In a conference call with analysts, Malugen credited the expansion of DVD — now at 14% of rental revenue — for stimulating same-store sales and providing higher-margin product. DVD is expected to reach 20% of rental revenue by year-end, he added.
“We are increasing DVD as well as maintaining appropriate levels of VHS” to meet consumer demand in the chain’s primarily rural and secondary market locations, he said.
However, Malugen also acknowledged that this year’s third-quarter video titles totaled 35% higher theatrical box-office receipts than last year and also lacked competition from 2000’s Summer Olympics. Malugen says the Sept. 11 attacks had virtually no effect on sales, but he anticipated a growing “sense of family togetherness” combined with the current economic slowdown could stimulate video rental results in coming months.
“We were fortunate to see little or no impact on sales from this tragic event except on the 11th,” he explained. “Since the attack we have seen generally higher traffic in our stores.”
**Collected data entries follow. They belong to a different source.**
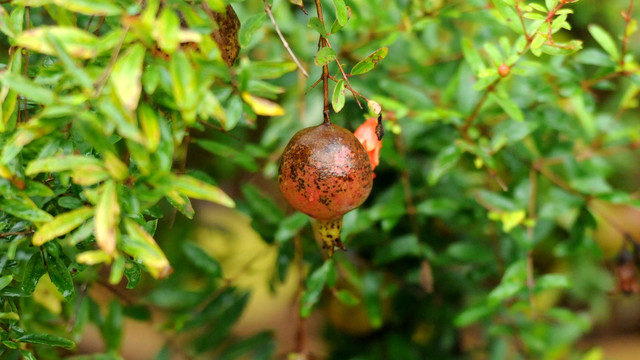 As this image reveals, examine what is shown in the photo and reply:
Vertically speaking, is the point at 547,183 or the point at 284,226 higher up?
the point at 284,226

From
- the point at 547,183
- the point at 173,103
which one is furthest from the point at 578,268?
the point at 173,103

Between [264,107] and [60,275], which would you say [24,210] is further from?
[264,107]

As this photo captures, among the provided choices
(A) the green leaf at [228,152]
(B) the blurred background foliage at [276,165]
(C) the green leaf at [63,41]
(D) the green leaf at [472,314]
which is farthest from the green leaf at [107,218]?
(D) the green leaf at [472,314]

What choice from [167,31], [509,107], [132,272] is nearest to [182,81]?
[167,31]

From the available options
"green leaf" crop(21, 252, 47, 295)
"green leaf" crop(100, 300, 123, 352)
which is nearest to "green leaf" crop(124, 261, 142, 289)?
"green leaf" crop(21, 252, 47, 295)

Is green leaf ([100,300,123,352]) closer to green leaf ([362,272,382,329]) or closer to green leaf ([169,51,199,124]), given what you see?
green leaf ([362,272,382,329])

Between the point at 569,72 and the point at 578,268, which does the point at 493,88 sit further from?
the point at 578,268

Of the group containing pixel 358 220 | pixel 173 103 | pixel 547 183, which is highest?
pixel 173 103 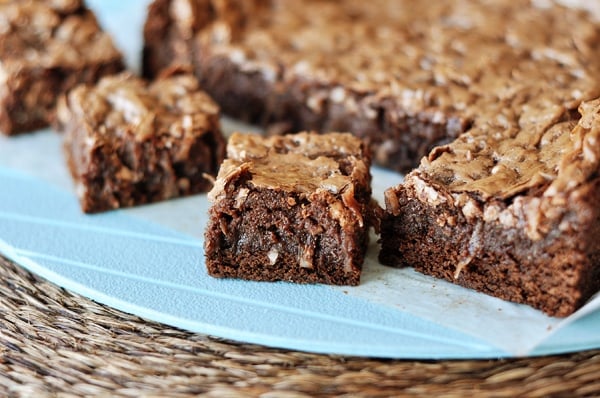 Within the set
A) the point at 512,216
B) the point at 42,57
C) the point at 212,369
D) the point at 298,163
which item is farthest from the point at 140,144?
the point at 512,216

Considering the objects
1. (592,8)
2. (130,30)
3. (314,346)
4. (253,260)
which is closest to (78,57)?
(130,30)

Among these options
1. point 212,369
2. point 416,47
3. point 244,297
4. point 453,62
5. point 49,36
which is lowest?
point 212,369

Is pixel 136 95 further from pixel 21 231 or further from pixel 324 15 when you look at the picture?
pixel 324 15

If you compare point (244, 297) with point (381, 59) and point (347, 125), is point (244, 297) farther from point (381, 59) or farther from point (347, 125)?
point (381, 59)

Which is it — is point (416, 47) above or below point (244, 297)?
above

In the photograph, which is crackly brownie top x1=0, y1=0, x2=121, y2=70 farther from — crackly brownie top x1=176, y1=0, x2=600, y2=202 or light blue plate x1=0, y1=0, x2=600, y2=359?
light blue plate x1=0, y1=0, x2=600, y2=359

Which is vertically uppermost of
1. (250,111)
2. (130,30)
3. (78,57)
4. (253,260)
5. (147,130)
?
(130,30)

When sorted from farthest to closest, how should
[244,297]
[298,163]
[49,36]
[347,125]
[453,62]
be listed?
1. [49,36]
2. [347,125]
3. [453,62]
4. [298,163]
5. [244,297] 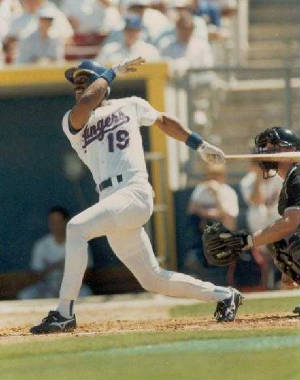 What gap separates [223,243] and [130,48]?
5032mm

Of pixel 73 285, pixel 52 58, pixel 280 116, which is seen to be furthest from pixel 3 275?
pixel 73 285

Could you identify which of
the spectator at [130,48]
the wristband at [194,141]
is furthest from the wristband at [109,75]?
the spectator at [130,48]

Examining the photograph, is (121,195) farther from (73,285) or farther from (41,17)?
(41,17)

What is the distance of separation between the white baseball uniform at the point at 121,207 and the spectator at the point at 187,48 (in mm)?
4795

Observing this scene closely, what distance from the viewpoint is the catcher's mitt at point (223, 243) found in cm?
805

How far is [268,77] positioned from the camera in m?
12.9

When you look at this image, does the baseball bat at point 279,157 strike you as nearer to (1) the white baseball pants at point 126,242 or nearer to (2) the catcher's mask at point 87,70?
(1) the white baseball pants at point 126,242

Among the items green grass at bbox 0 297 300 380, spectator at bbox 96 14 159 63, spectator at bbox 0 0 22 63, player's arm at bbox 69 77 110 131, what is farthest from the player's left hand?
spectator at bbox 0 0 22 63

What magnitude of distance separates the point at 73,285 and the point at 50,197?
17.4 feet

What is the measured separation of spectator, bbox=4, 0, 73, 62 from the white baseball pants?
5277 millimetres

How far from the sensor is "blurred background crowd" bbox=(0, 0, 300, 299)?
1230 centimetres

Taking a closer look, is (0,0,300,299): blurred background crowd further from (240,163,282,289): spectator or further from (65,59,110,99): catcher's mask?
(65,59,110,99): catcher's mask

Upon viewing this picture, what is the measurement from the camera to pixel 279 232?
25.1 feet

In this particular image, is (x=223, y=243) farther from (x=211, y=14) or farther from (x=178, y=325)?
(x=211, y=14)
In the fourth quarter, the Dothan, Ala.-based chain is projecting same-store sales in “low single digits,” based on strong releases such as Shrek, The Grinch, Rush Hour 2 and Pearl Harbor, that have virtually the same box-office clout as last year’s titles. In addition, the quarter will contain 14 weeks instead of the usual 13, expected to add “approximately 5 cents of earnings to fourth quarter results given the high level of revenue that is generated” during that final week of the year, he noted.
As a result, Movie Gallery raised earnings projections for the fourth quarter to the range of 26 cents to 31 cents per share versus 18 cents in the year-ago quarter, and pro forma earnings per diluted share for the year in the range of 87 cents to 92 cents compared to 55 cents for fiscal 2000. In 2002’s first quarter, the chain will adopt accounting standards that eliminate the amortization of goodwill, expected to boost net income by $3.5 million per year.
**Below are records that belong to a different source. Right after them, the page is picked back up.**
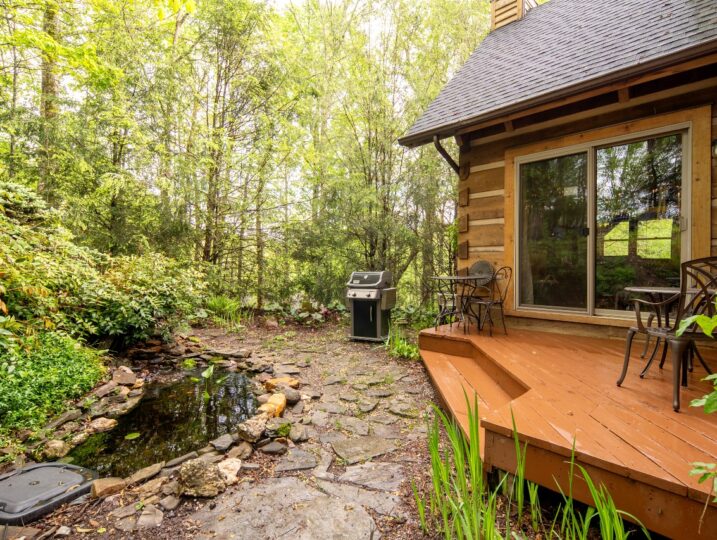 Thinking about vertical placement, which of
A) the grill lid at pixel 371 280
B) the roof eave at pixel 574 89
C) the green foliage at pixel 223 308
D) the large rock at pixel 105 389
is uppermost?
the roof eave at pixel 574 89

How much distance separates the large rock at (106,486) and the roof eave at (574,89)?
407 centimetres

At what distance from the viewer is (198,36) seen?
5984 mm

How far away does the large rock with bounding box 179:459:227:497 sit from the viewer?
174 centimetres

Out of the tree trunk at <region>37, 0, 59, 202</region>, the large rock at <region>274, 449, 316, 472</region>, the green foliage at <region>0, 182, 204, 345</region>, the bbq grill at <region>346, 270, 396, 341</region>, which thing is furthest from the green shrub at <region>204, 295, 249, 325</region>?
the large rock at <region>274, 449, 316, 472</region>

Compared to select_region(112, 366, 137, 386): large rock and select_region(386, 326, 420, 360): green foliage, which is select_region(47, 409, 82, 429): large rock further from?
select_region(386, 326, 420, 360): green foliage

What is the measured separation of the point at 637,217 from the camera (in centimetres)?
330

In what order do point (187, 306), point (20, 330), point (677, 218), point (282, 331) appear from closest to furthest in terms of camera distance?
1. point (20, 330)
2. point (677, 218)
3. point (187, 306)
4. point (282, 331)

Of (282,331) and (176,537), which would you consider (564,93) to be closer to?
(176,537)

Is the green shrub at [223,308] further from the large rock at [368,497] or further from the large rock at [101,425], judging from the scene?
the large rock at [368,497]

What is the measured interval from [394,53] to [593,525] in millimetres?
7299

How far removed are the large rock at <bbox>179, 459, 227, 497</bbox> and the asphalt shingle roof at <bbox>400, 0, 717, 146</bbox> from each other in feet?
12.4

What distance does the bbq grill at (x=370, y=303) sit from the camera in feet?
16.1

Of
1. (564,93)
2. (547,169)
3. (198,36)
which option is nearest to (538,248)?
(547,169)

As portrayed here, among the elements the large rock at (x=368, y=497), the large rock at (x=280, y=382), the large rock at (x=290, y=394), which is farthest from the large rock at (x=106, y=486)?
the large rock at (x=280, y=382)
Analyst Bob DeLean with Morgan Keegan says the results contained “no surprises” and even delivered pro forma earnings about 4 cents per share higher than he expected primarily due to higher margins on DVD product and previously-viewed movie sales.
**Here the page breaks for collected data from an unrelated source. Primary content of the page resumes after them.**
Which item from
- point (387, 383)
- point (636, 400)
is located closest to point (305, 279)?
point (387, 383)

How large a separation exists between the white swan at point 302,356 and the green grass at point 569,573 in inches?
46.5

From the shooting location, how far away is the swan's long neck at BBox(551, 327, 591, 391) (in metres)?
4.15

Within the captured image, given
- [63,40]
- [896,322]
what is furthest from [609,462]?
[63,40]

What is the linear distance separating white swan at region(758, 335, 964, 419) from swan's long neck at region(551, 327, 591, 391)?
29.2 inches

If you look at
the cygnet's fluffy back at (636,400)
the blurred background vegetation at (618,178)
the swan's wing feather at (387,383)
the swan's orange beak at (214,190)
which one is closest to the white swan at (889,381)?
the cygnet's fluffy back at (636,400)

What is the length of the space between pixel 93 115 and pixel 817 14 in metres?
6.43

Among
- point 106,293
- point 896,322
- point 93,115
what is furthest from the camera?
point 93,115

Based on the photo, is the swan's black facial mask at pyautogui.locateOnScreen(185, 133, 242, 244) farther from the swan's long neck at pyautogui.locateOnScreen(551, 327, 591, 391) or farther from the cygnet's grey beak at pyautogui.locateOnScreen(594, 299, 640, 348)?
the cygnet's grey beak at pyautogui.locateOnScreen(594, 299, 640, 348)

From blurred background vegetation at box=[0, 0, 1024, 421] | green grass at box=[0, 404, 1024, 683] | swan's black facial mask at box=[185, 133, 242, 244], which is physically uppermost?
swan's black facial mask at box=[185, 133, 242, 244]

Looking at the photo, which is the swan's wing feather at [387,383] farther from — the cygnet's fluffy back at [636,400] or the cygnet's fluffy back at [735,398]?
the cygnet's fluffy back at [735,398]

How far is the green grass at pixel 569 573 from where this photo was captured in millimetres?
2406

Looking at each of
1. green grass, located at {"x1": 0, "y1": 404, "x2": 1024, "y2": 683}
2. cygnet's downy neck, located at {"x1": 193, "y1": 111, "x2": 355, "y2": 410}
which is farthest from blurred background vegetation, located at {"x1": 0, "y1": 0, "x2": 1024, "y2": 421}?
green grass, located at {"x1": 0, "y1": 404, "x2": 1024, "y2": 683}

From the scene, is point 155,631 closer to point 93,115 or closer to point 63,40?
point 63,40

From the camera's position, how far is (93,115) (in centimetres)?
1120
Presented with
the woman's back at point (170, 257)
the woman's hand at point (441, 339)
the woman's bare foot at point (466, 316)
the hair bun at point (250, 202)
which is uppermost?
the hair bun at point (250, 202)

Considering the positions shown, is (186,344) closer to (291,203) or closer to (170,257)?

“Those trends should continue,” DeLean says. “The big question overhanging this industry is how do the studios fight back with DVD pricing and rev-share? The studios are in a box, they came out with one pricing structure for DVD and now they’re leaving money on the table and how do they fix that?”
If the DVD format shifts to rental pricing and a revenue-sharing model, DeLean believes Movie Gallery’s earnings won’t be heavily impacted, depending on which pricing structure the studios propose. “That’s a risk,” he adds. “There’s only so much revenue to go around, so if the studios are going to demand more, somebody’s going to get less.”
So far, Movie Gallery hasn’t said when it will add accretive earnings from the anticipated acquisition of 300-store Video Update, slated to become a fully-owned subsidiary of Movie Gallery when it emerges from bankruptcy. But the confirmation hearing, slated for Oct. 31, will likely be continued, according to c.f.o. J. Steven Roy.
Roy said a report by the unsecured creditors committee, investigating previous Video Update officers for possible fraud before and during bankruptcy, is delaying Movie Gallery’s access to the financials it needs to audit the company and complete the acquisition.
Michael A. Bloom, of Morgan, Lewis & Bockius and counsel for the creditors committee, declined to elaborate on the nature or progress of the investigation. However, he believes the hearing to confirm the reorganization plan will be pushed back about 30 days at the request of Movie Gallery and Video Update.
“To my knowledge, the request had nothing to do with the committee’s special investigation,” Bloom says. “From the creditors’ standpoint, we are hoping for as short a delay as possible.”